The first game created in our very own Direct X 11 game engine. Link to game play video.
Yeah so, obviously we could not come to an agreement on one name. Both just tingled joy in all of us! After a couple of meetings we at least came to an agreement to make a cute game with fun and happy colors, but once the player starts the game the happyness is wiped away and replaced by bitterness by dark lighting and sad soundeffects.
The game is about a traveling austronout that was supposed to deliver supplise but as he gets closer to his detination, Mars, no one responds to his landing request.
The ship he was on haywires and crashes at the corner of the colonie and an important part of the ship is thrown into the city for the austronout to retrive. He soon notices upon crawling out of his ship that no one is around to help, and the darkness begins to crawl under the poor astronaut's skin. Soon, a tiny flying creature extracting a bright light makes its way to greet our traveler. With the help of this new friend, our traveler can make his way through the darkness, scaring away the creatures of the shadows and solving the puzzles an uninhabited town may present.
In short, as the player, you use the mouse to move around your light friend. The light friend, that we have chosen to call Lux, can make its way through windows and over fences that the player can not. Lux also scares away monsters, making them move away from the light. This can be used to make monsters walk on top of pressure plates, opening doors and gates. The player plays as the astronaut, walking around in an orderly fashion with W,A,S,D. Our traveler is scared of the dark, meaning Lux needs to be a set range of him for him not to be scared and slowly be suffocated by fear. He does not die from the absence of light, but his movement speed starts to slow down, and at last, he can't move until Lux is back at his side. If a monster were to get to the player, he dies instantly. There are no checkpoints, but the level is short enough to be passed in about ten minutes if the player does not get stuck on any of the puzzles for too long. At the end of the level, the player may find the core. The core is the key to fixing the ship and getting away from this planet as fast as possible. Luckily the astronaut has not only gone through years of education to travel space but also has a degree as a mechanic!

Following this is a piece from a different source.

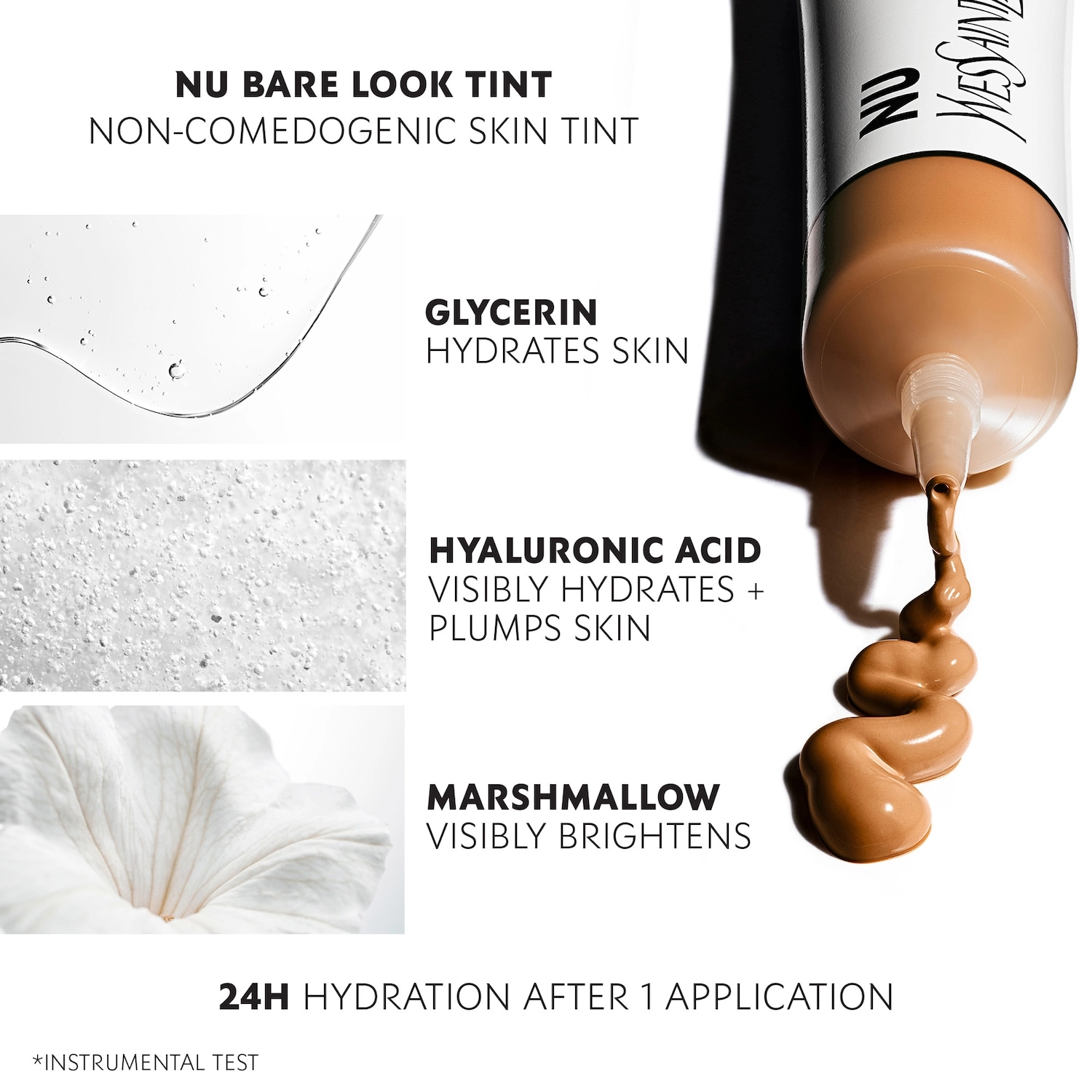 Yves Saint Laurent NU BARE LOOK TINT Hydrating Skin Tint Foundation with Hyaluronic Acid Color: 19 - Deep with Neutral Undertones - Image 6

Sure, not the most ascetically pleasing level of concept art ever made in the history of the earth, but it does what it should! This piece of messy lines in different colors gave the team a uniform mental image of the size of things as well as where to place things like pressure plates, doors, the puzzle areas, floor levels and monsters among other fun stuff. Some of the mechanics in this drawing had to be scrapped or replaced with methods already developed earlier in the process as time ran out. The player makes their way through the level with start at the big zero at the lower left by the little spaceship!
As the level was built on a grid to make pathfinding using A-Star easier to implement I came up with the idea of creating a small texture of 256 x 256 pixels that would represent each node in the A-Star system. The image tells the nodes at what heights the node should be spawned. The black represents the node not being spawned at all. Doing it this way helped me create the path on which the players and monsters travel on with exact accuracy (every pixel represents one unit in length both in Maya and our game engine) and helping us skip all kinds of collision detection as players and monsters may only walk on the path! The colored dots represent where to spawn monsters, lights, pressure plates and lights. This method was later used again in the big game project to create nodes.

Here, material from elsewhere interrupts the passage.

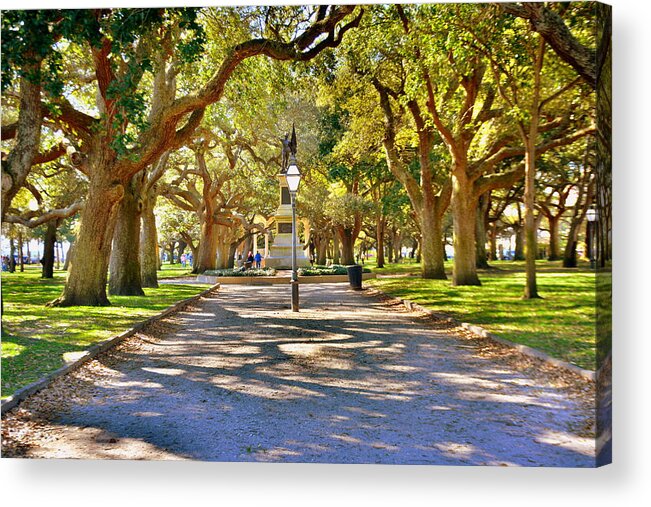 White Point Gardens Acrylic Print featuring the photograph White Point Gardens At Battery Park Charleston SC HDR by Lisa Wooten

The map is seen from a locked camera angle and in an orthographic fashion. Our original thought was to create a method of making objects disappear in the way of the character and the camera, but once again, we did not have time for this so I decided on "cutting holes" in the geometry of the buildings, making way for the camera to see the character where he would be fully covered otherwise. I was a bit too lazy to find the exact camera angle in which the cuts line perfectly for these shots (i have it written down somewhere), but i'm sure you get the idea. This level came to a total triangle count of 113 453 triangles.

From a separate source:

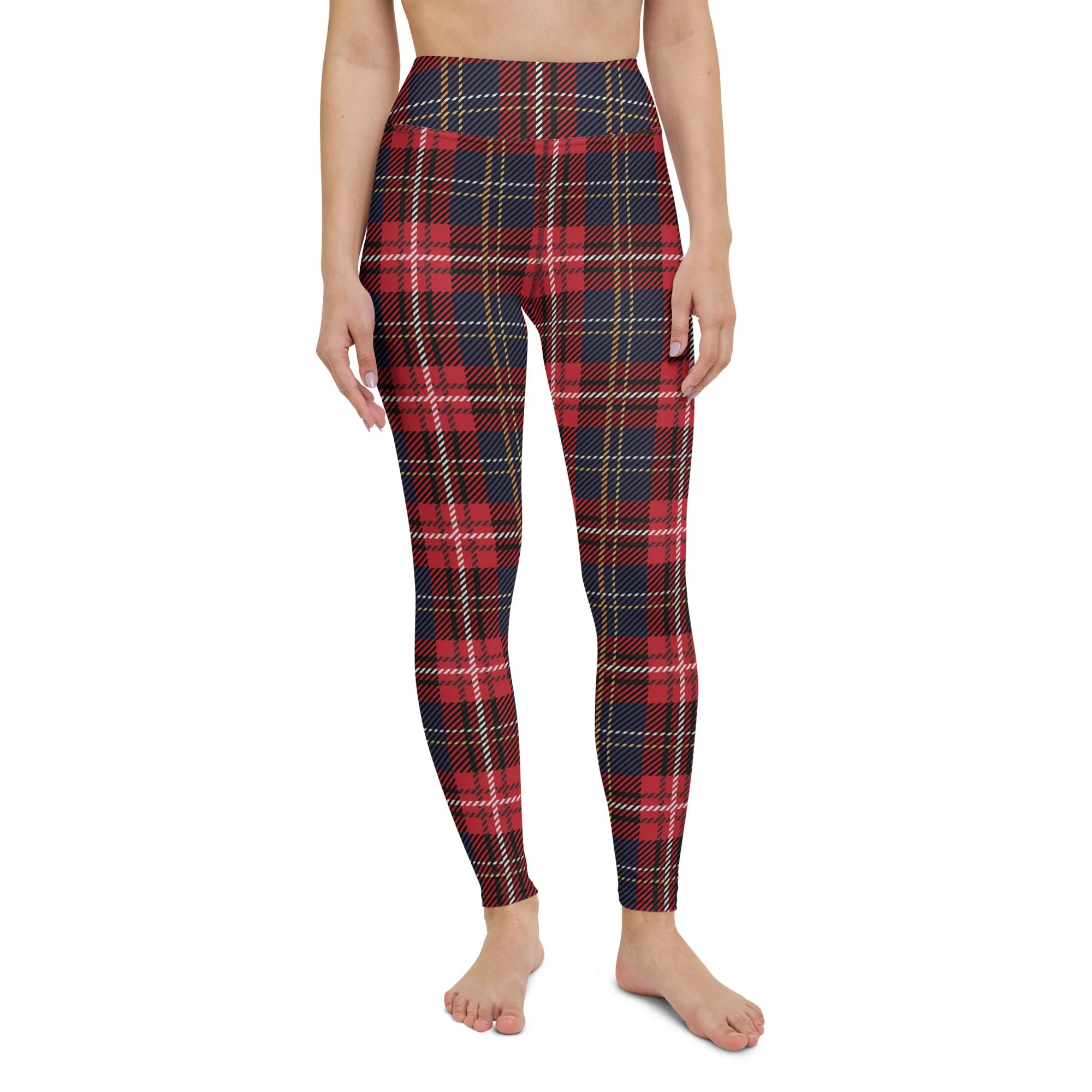 Tartan Yoga Leggings Women, Red Blue Plaid Check High Waisted Pants Cute Printed Graphic Workout Running Gym Designer Tights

- Maya viewport 2.0 render.
Shadow mapping was a no go as we did not have time and the original idea of shading was for us to use toon shading. In the end, we did not manage to create a working toon shader so I decided on doing the toon shading directly in the texture instead.
We thought it would be fun to use sprites as characters instead of 3D characters for this project. For some reason mirroring sprites in our game engine proved to mess a lot of things up, that's why I made mirrored ones as well in the sprite sheets. Each sprite is 512 x 512 pixels. This proved to be a bit messy with the body of the monster being much smaller then the astronauts as the arms stretch and take up most of the sprite area but as programmers, we do as programmers do and throw some code at it instead! (We just scaled it up)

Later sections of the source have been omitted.